Anyone who has spent time in an organization has likely participated in a performance review process.  While companies are getting smarter and embracing 1-on-1 coaching conversations on a weekly and monthly basis, many companies still operate on a six-month or one-year cycle.

These processes are often deeply tied to the business success and feedback is typically focused on how to be a better employee.

Survey after survey shows that managers and employees hate this process. No matter how good the process, there is always a certain percentage of acting that is inevitable.

Note
: It’s worth mentioning that I think the trend of abandoning performance reviews 
misses the point
 – its trying to fix a culture problem that can’t be fixed by changing a process.

In this review of leadership trends for the Center For Creative Leadership, author Nick Petrie surveyed Academics and other experts who spend all their time trying to make sense of how companies should be thinking about performance assessment. 

When asked, “What do you think needs to be stopped or phased out from the way leadership development is currently done?” here is what some of these experts said:

Competencies – they become either overwhelming in number or incredibly generic. If you have nothing in place they are OK, but their use nearly always comes to a bad end.

Static individual competencies. We are better to  think about meta-competencies such as learning agility and self-awareness.

The competency is a measure of how the person fits into the organization.  While I think it would be reactionary to eliminate competencies, we need to build on them to get to a deeper, more nuanced assessment of a person’s ability to contribute, create and inspire and not just keep their boss comfortable.

The future of work is about how people can thrive and not just “fit in.”

Thinking about developing humans instead

A potential idea for building on the competency model comes from Robert Kegan, who developed a theory of adult development while studying at Harvard in the 1970s and 1980s (it seems worth mentioning here that someone like Kegan might not even try to get tenure in today’s Academic world with bounties of PhD and scarce tenured jobs available).

He saw adult development not as a series of competencies to be checked off a box, but as a series of stages, often framed as “vertical development.”  Most adults reach a state of “the socialized mind” sometime in adolescence or young adulthood. This is when people start to internalize the beliefs of the important people around them.  These are accepted beliefs about what is an appropriate way to behave as an adult and an understanding of the accepted models of status and success. 
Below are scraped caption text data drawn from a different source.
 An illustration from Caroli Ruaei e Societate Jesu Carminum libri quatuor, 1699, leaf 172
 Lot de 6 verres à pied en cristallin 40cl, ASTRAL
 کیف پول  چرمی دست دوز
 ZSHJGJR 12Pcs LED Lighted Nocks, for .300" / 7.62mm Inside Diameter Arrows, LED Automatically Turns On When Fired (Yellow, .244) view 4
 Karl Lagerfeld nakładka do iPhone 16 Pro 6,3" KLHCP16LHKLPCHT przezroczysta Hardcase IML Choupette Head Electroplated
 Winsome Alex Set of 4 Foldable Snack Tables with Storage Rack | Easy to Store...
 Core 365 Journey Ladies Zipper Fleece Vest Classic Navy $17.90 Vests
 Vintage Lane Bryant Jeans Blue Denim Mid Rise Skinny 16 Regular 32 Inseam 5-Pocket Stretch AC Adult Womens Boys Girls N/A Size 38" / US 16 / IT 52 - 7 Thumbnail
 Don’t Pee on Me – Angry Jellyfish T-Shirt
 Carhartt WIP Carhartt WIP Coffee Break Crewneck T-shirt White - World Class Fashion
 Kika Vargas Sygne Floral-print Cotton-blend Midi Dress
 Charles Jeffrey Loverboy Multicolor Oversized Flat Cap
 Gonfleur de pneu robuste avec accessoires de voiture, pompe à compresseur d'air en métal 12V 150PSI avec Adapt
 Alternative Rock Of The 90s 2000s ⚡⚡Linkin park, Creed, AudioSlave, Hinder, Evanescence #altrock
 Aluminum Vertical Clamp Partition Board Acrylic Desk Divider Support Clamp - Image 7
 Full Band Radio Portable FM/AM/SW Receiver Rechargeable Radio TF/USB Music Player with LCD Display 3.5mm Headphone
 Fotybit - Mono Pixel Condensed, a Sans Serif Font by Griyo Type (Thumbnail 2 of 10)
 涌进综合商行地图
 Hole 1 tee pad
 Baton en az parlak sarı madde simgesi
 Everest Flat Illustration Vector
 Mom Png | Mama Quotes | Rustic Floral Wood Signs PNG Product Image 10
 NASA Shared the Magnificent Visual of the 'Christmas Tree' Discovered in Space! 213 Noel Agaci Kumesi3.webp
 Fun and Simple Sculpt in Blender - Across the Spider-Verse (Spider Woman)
Kegan has found that most adults stay in this “socialized mind” stage, but that our modern world increasingly demands moving toward a “self-authoring” state.  He says,

in a modern, increasingly postmodern world where we have so many definitions of how one should live and who one should be… the socialized mind becomes inadequate

The self-authoring mind involves developing your own compass for navigating the world and being able to operate in different environments with different beliefs.  However, for companies who still operate in the indoctrinate and control paradigm, having their employees develop in this manner might seem revolutionary (cue “they aren’t a culture fit” thinking).  

If we care about people and their ability to thrive in the modern world, we are going to need to abandon the idea that having a “steady career trajectory” is the best strategy for navigating life.  At best, it can provide people a fulfilling career that is aligned with their values. But for most people, it crowds out the drive to live the life they want.  

The companies that will thrive in the future will be the ones that shift away from thinking that the goal of life is a steady path on a paper resume and instead are able to embrace the messiness of life and the fact that it might be best if their employees take more than a week away from work at least once in their adult lives.